## Work to be completed
Set out exactly every line of the entries below, starting at the line that holds "183429 Back Stretch Waist Relax Mate" and stopping after the line that holds "Двухместный (Представительский двухместный".

## Material for this exercise
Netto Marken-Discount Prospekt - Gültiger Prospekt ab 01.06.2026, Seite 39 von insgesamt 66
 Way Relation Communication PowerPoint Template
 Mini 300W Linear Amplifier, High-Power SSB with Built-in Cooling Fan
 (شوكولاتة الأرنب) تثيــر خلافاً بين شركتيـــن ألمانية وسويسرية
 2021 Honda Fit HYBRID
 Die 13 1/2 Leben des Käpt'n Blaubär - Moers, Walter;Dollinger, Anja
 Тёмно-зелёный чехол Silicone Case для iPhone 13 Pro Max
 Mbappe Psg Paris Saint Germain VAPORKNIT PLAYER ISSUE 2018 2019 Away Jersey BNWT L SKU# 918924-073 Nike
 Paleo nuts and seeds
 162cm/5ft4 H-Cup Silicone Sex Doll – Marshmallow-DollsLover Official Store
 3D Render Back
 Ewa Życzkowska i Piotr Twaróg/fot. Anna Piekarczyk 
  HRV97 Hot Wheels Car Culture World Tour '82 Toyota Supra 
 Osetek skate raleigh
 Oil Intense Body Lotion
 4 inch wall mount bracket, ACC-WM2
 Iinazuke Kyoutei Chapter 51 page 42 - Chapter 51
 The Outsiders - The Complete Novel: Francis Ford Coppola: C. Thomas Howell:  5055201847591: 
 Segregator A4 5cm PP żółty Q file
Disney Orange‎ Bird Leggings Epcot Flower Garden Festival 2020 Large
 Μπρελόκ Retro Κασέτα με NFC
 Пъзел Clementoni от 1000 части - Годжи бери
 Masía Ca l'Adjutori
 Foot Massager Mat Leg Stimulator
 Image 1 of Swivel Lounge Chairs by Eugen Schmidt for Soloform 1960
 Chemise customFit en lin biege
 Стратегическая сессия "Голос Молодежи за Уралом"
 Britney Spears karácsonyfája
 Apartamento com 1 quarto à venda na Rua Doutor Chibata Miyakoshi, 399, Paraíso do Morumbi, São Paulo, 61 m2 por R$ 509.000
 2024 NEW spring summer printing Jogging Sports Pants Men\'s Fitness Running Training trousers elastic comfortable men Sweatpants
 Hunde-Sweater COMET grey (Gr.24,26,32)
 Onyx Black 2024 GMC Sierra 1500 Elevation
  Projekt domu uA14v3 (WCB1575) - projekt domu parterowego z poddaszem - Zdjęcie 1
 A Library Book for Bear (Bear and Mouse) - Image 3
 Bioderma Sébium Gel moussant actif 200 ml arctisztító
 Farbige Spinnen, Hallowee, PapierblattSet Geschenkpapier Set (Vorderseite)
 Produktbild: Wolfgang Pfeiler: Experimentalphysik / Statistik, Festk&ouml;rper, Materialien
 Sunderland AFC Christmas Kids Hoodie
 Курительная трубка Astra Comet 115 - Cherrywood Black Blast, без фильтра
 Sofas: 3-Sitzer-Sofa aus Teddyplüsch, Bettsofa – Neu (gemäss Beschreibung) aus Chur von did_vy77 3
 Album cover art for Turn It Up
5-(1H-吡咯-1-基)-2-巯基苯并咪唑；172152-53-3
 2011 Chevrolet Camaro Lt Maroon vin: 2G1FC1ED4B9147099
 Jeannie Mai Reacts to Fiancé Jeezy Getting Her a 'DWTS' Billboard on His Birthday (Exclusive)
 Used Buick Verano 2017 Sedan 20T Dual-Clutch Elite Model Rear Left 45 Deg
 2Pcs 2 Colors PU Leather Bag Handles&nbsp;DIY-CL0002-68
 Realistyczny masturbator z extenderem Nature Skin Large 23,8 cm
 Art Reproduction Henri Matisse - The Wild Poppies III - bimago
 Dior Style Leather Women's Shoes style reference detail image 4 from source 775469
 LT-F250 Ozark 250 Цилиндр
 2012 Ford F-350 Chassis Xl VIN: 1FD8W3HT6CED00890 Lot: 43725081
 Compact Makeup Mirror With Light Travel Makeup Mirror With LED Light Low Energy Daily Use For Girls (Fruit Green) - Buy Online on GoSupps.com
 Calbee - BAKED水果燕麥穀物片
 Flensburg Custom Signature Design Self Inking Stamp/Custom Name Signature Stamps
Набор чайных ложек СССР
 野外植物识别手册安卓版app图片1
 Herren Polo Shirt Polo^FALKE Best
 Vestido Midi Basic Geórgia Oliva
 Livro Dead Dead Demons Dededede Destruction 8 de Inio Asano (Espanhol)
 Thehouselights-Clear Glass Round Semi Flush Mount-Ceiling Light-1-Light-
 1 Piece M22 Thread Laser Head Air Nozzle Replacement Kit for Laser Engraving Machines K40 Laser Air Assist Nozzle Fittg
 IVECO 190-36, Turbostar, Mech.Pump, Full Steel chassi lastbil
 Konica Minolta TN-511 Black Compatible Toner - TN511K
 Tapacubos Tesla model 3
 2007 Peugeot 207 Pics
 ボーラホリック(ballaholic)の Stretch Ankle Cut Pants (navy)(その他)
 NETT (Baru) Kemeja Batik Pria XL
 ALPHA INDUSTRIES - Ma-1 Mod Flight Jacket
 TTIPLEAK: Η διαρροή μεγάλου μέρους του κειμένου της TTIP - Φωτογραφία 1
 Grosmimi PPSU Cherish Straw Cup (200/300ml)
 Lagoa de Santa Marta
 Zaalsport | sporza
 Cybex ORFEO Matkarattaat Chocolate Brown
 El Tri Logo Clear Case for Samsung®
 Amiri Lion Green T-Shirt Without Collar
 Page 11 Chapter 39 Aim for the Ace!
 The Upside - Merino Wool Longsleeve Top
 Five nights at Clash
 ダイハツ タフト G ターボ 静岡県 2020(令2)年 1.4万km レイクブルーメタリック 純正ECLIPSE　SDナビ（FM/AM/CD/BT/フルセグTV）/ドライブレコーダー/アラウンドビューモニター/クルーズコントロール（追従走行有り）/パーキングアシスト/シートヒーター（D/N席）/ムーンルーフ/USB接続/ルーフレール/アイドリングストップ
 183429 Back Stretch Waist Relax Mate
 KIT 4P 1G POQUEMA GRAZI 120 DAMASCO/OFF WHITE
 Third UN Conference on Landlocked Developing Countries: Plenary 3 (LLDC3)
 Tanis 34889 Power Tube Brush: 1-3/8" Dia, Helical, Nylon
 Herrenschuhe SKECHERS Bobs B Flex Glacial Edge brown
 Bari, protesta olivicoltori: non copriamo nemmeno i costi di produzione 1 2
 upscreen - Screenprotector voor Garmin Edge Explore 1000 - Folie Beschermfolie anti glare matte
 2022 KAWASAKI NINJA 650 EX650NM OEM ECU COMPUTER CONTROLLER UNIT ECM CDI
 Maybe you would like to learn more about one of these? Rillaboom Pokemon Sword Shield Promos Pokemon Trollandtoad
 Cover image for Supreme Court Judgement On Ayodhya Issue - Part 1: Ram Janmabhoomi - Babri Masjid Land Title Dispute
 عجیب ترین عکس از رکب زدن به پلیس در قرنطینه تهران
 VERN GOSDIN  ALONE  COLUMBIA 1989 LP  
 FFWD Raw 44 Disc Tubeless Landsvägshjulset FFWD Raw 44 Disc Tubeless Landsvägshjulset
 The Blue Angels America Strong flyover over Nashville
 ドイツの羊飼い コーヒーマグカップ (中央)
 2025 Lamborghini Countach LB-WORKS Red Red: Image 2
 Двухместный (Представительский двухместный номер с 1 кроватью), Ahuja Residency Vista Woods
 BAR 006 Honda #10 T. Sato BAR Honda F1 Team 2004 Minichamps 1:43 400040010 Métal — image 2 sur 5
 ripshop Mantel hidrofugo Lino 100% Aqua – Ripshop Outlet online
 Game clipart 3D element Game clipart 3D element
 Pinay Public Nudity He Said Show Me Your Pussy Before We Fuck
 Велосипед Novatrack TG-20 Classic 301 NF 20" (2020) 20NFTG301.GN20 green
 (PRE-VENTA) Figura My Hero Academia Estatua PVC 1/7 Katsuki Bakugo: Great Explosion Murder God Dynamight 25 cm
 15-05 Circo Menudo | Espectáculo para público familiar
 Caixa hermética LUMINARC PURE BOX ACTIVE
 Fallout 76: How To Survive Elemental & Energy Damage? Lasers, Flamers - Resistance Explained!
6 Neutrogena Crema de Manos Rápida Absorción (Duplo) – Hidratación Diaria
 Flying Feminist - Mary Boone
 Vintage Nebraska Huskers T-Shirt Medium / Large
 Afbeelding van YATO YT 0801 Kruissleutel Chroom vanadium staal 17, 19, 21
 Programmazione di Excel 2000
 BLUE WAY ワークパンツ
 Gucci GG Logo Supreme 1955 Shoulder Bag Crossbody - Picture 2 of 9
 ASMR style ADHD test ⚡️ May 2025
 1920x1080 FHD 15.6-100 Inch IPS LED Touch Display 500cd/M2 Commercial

## Answer section
 183429 Back Stretch Waist Relax Mate
 KIT 4P 1G POQUEMA GRAZI 120 DAMASCO/OFF WHITE
 Third UN Conference on Landlocked Developing Countries: Plenary 3 (LLDC3)
 Tanis 34889 Power Tube Brush: 1-3/8" Dia, Helical, Nylon
 Herrenschuhe SKECHERS Bobs B Flex Glacial Edge brown
 Bari, protesta olivicoltori: non copriamo nemmeno i costi di produzione 1 2
 upscreen - Screenprotector voor Garmin Edge Explore 1000 - Folie Beschermfolie anti glare matte
 2022 KAWASAKI NINJA 650 EX650NM OEM ECU COMPUTER CONTROLLER UNIT ECM CDI
 Maybe you would like to learn more about one of these? Rillaboom Pokemon Sword Shield Promos Pokemon Trollandtoad
 Cover image for Supreme Court Judgement On Ayodhya Issue - Part 1: Ram Janmabhoomi - Babri Masjid Land Title Dispute
 عجیب ترین عکس از رکب زدن به پلیس در قرنطینه تهران
 VERN GOSDIN  ALONE  COLUMBIA 1989 LP  
 FFWD Raw 44 Disc Tubeless Landsvägshjulset FFWD Raw 44 Disc Tubeless Landsvägshjulset
 The Blue Angels America Strong flyover over Nashville
 ドイツの羊飼い コーヒーマグカップ (中央)
 2025 Lamborghini Countach LB-WORKS Red Red: Image 2
 Двухместный (Представительский двухместный номер с 1 кроватью), Ahuja Residency Vista Woods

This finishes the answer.